#### [EXERCISE BRIEF]
The entries below should be set down again exactly, with every picture left out.
___ MATERIAL PROVIDED ___
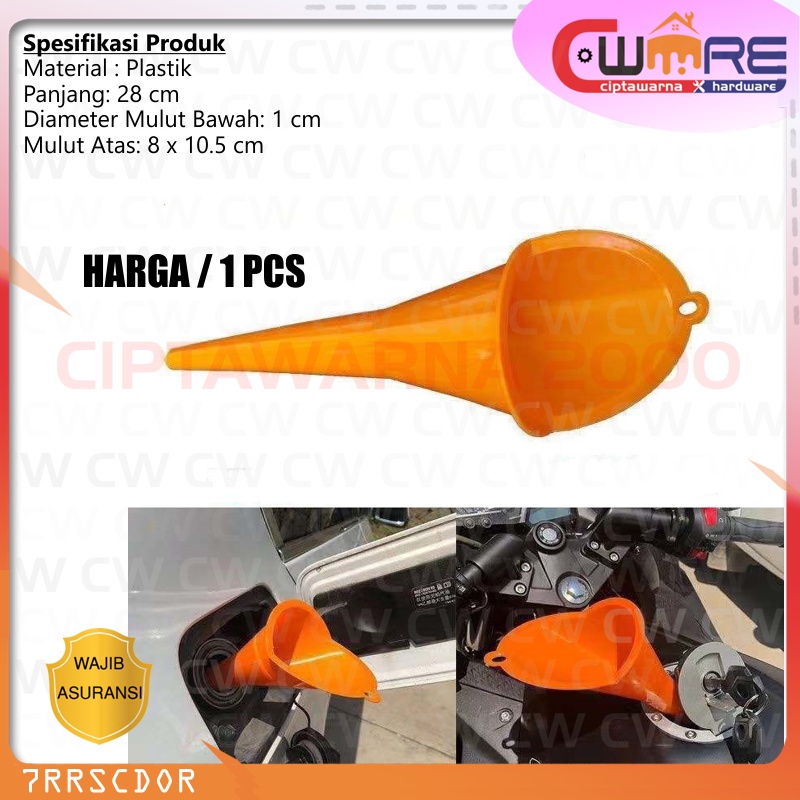 Jual Corong Minyak Bensin Mobil Motor ganti Oli air radiator PANJANG ...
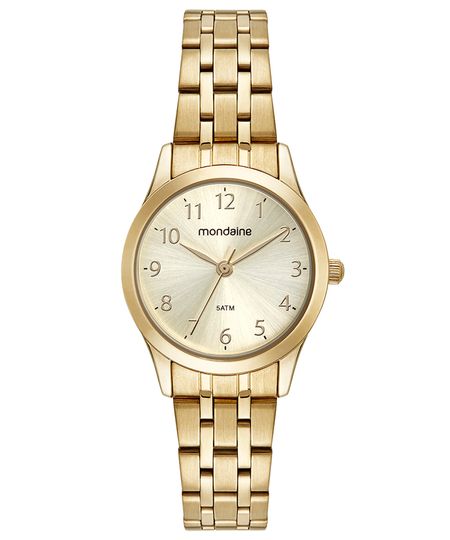 relógio mondaine analógico 32608lpmkde1k1 dourado UNICO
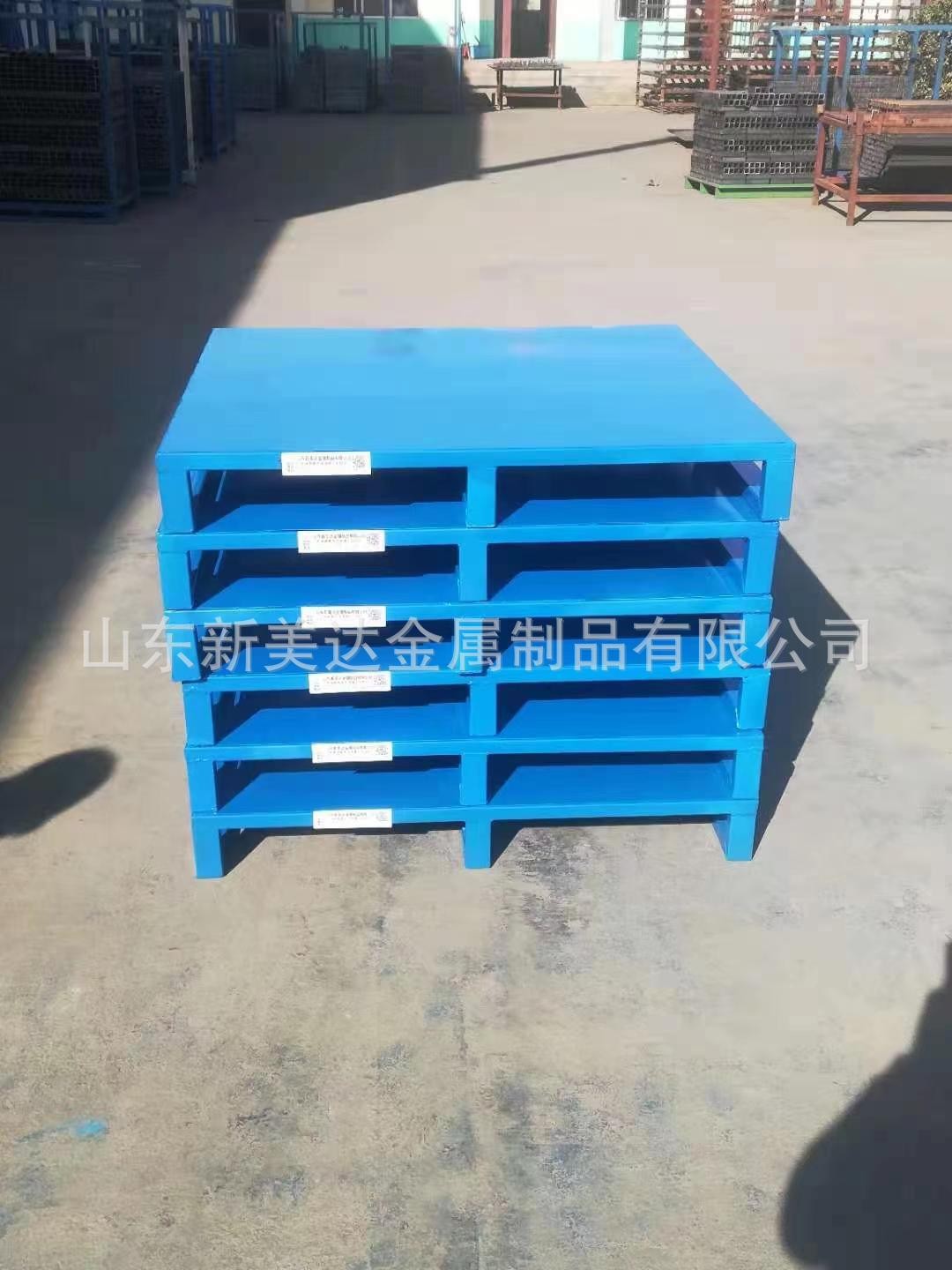 Stapelbare stalen palletstellingen en platforms | Zware industriële magazijnopslag met een capaciteit van 1000 kg | Fabrikant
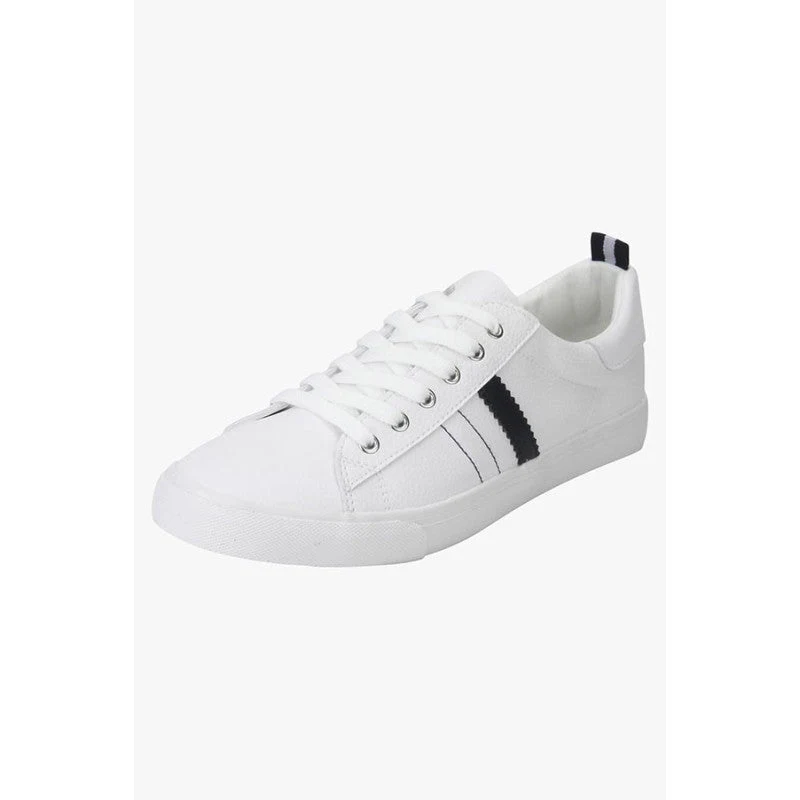 Men White Sneakers - Image 3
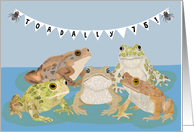 Happy 75th Birthday with Toads card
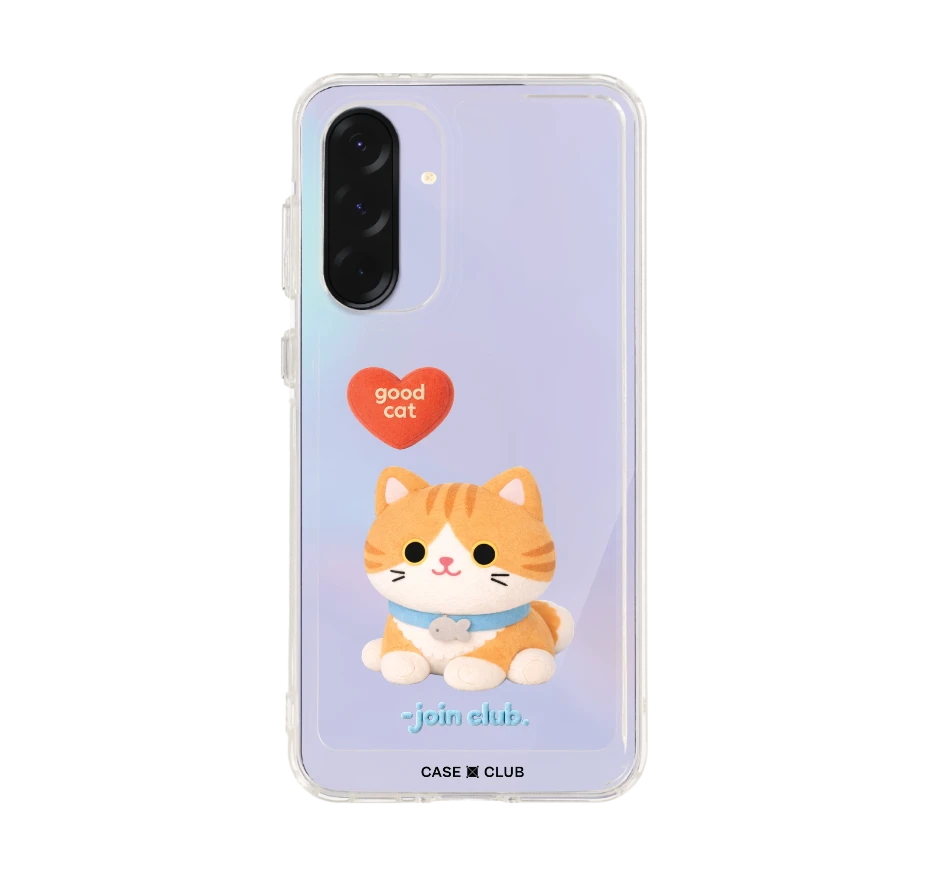 join the club heartful orange cat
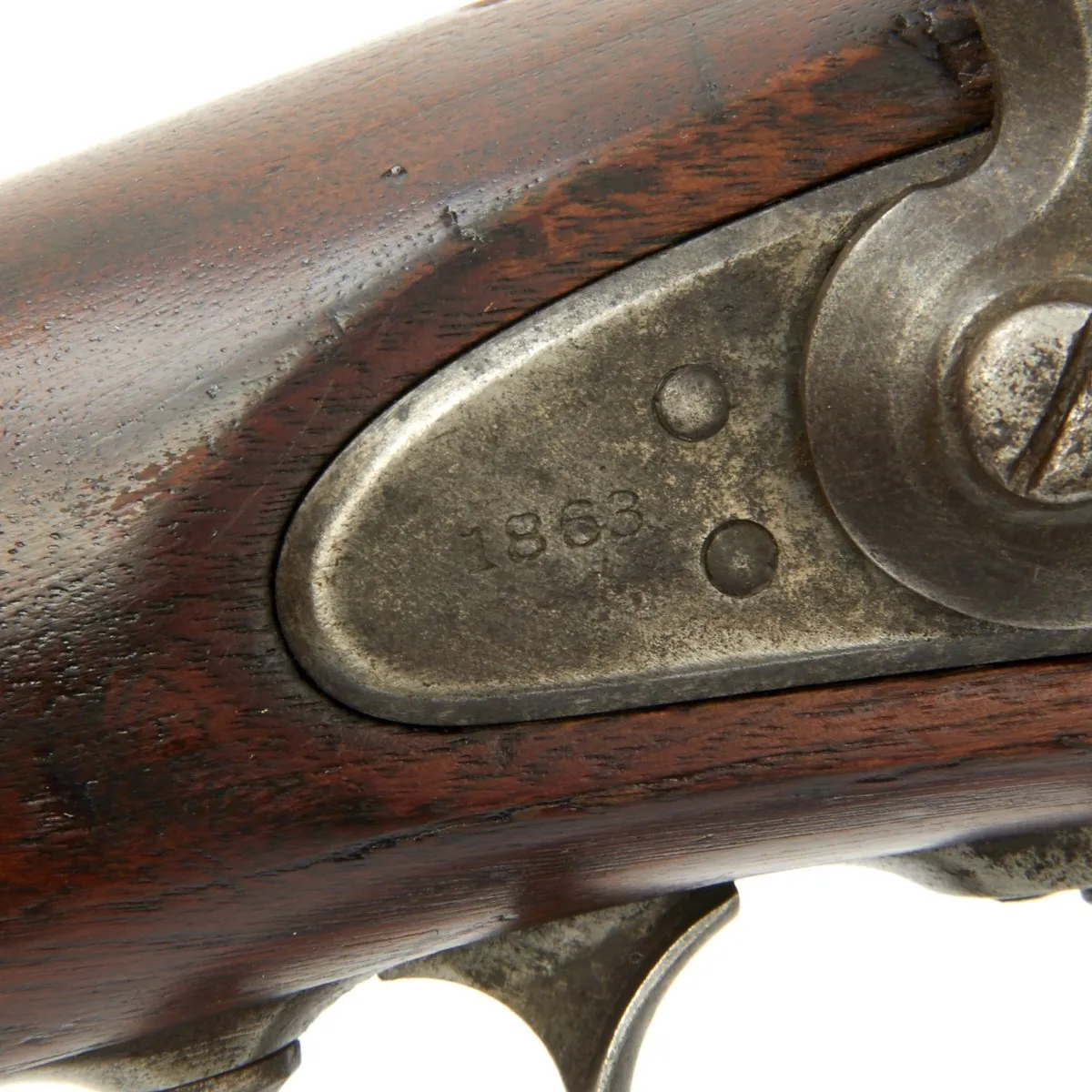 Original U.S. Civil War Springfield Model 1863 Type I Rifled Musket by Springfield Armory - Dated 1863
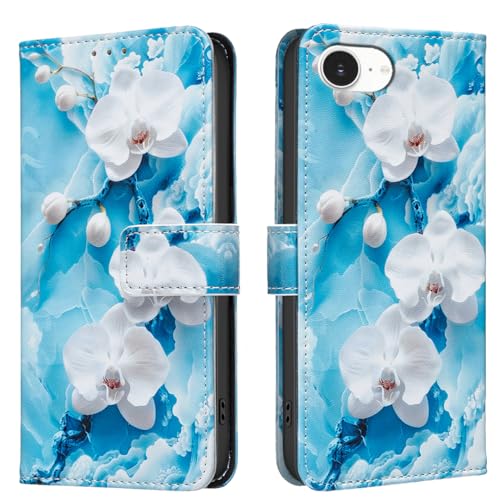 Painted Leather Case Flip Phone Case for iPhone 16E, Blue Butterfly Flower Rose Multifunctional Leather Phone Case Wallet Flip Stand with Multi-Card Slot Pocket Painted Leather Case Flip Phone Case for iPhone 16E, Blue Butterfly Flower Rose Multifunctional Leather Phone Case Wallet Flip Stand with Multi-Card Slot Pocket von iTape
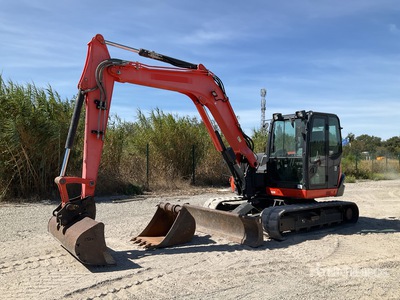 2018 Kubota KX080-4 Mini-Pelle Minikoparka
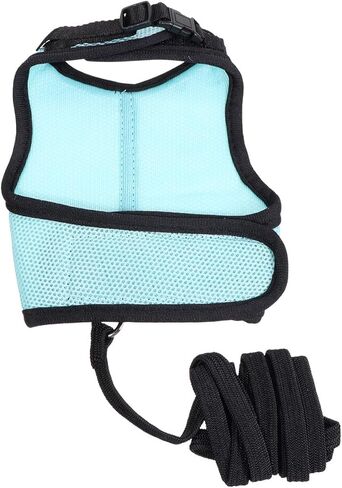 ERINGOGO Small Pet Harness Vest Leash for Rabbits, Blue L Size, Soft Breathable Pet Traction Rope for Outdoor Walking and Control in Kuwait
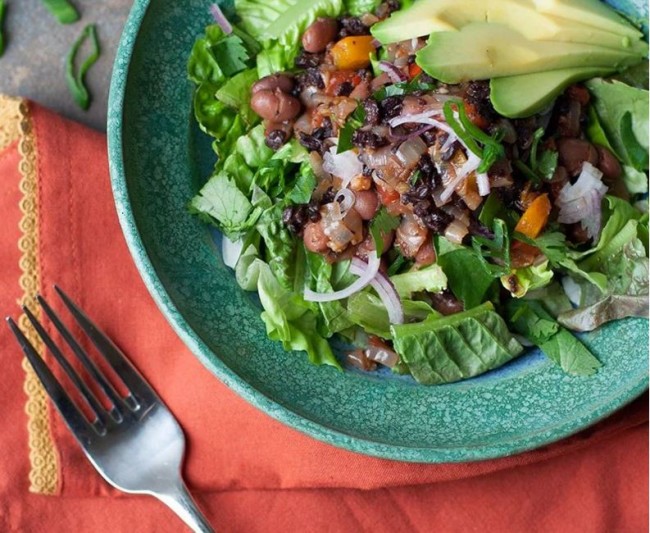 From Scratch Burrito Bowl - eat healthy at work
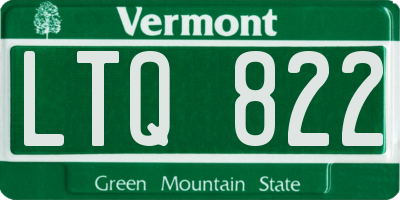 VT license plate LTQ822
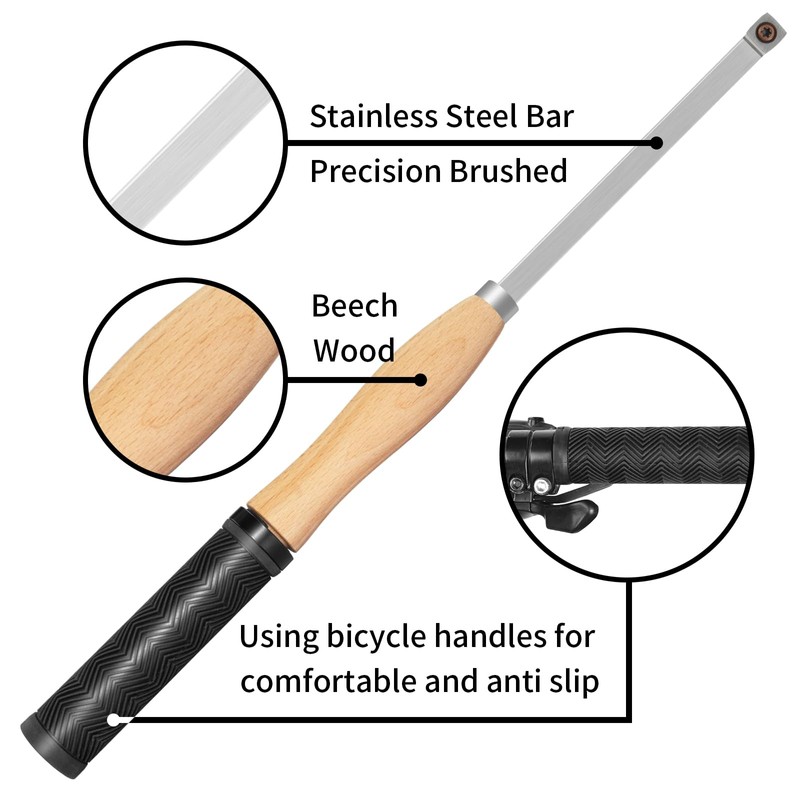 DEEFIINE 18.3" Full Size Carbide Tip Wood Lathe Turning Tool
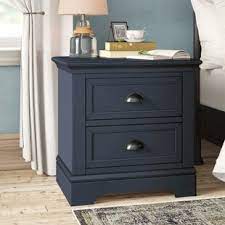 The recessed ebonized ash platform is 20 inches wide. 18 Inch Night Stand Wayfair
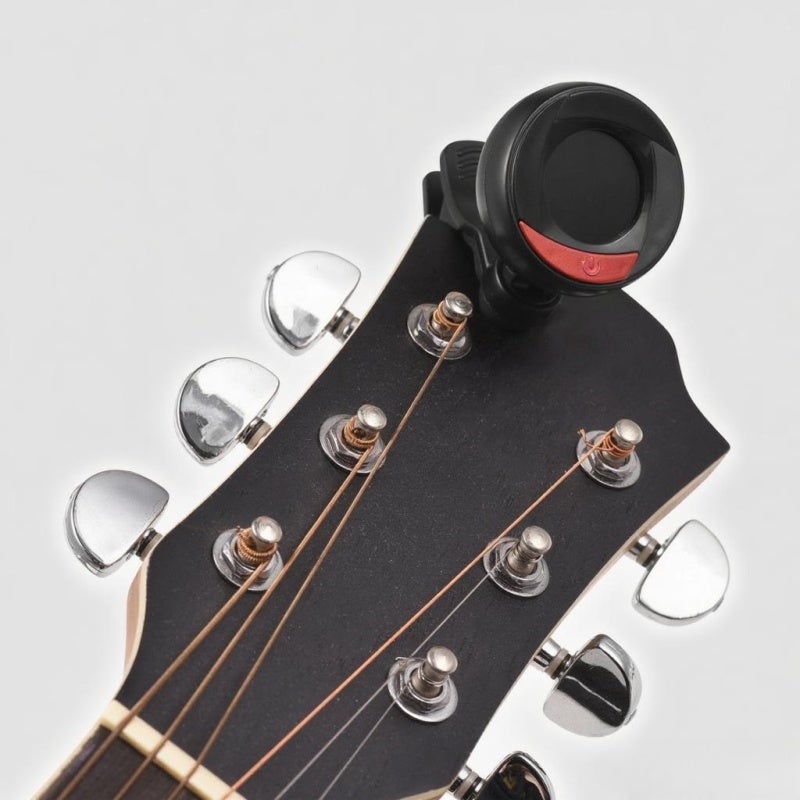 Rowin Clip On Tuner: Black Mini Size, Vibration Pickup, Color Rotatable Backlight Screen - Multi-Instrument Tuning Range, For Guitar Bass Violin Ukulele Chromatic Use - Image 4
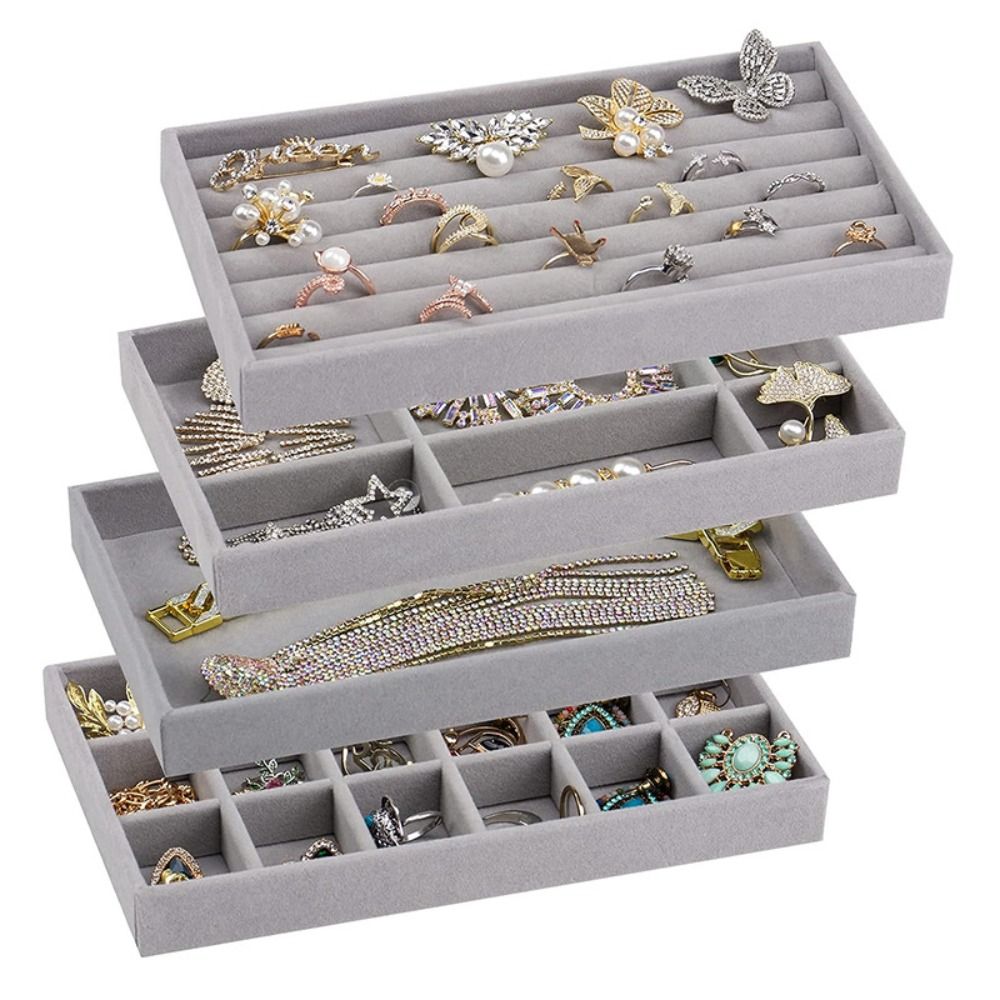 Organizer Box Stackable Velvet - Drawer Organizer Tray 리뷰 및 가격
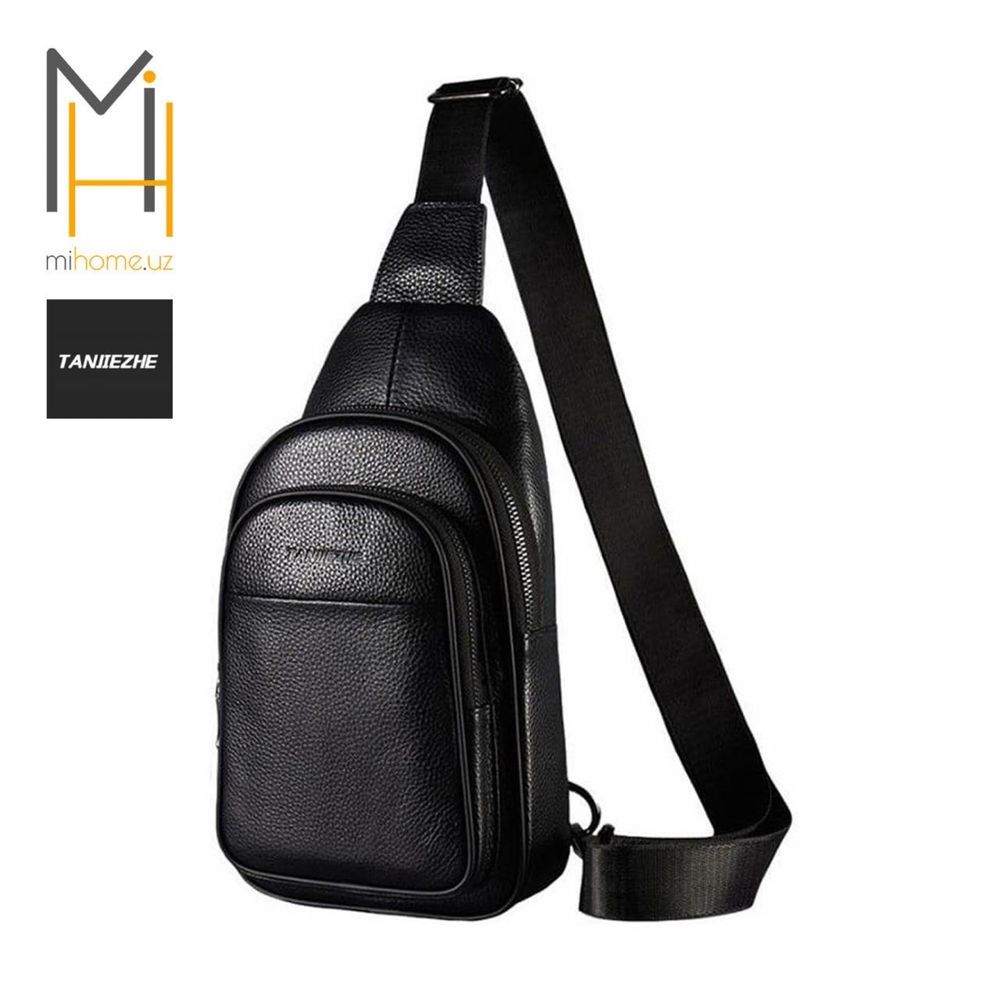 Сумка кожаная через плечо Xiaomi Tanjiezhe Leather Chest Bag (YG-012)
___
#### [OUTPUT OF THE EXERCISE]
 Jual Corong Minyak Bensin Mobil Motor ganti Oli air radiator PANJANG ...
 relógio mondaine analógico 32608lpmkde1k1 dourado UNICO
 Stapelbare stalen palletstellingen en platforms | Zware industriële magazijnopslag met een capaciteit van 1000 kg | Fabrikant
 Men White Sneakers - Image 3
 Happy 75th Birthday with Toads card
 join the club heartful orange cat
 Original U.S. Civil War Springfield Model 1863 Type I Rifled Musket by Springfield Armory - Dated 1863
 Painted Leather Case Flip Phone Case for iPhone 16E, Blue Butterfly Flower Rose Multifunctional Leather Phone Case Wallet Flip Stand with Multi-Card Slot Pocket Painted Leather Case Flip Phone Case for iPhone 16E, Blue Butterfly Flower Rose Multifunctional Leather Phone Case Wallet Flip Stand with Multi-Card Slot Pocket von iTape
 2018 Kubota KX080-4 Mini-Pelle Minikoparka
 ERINGOGO Small Pet Harness Vest Leash for Rabbits, Blue L Size, Soft Breathable Pet Traction Rope for Outdoor Walking and Control in Kuwait
 From Scratch Burrito Bowl - eat healthy at work
 VT license plate LTQ822
 DEEFIINE 18.3" Full Size Carbide Tip Wood Lathe Turning Tool
 The recessed ebonized ash platform is 20 inches wide. 18 Inch Night Stand Wayfair
 Rowin Clip On Tuner: Black Mini Size, Vibration Pickup, Color Rotatable Backlight Screen - Multi-Instrument Tuning Range, For Guitar Bass Violin Ukulele Chromatic Use - Image 4
 Organizer Box Stackable Velvet - Drawer Organizer Tray 리뷰 및 가격
 Сумка кожаная через плечо Xiaomi Tanjiezhe Leather Chest Bag (YG-012)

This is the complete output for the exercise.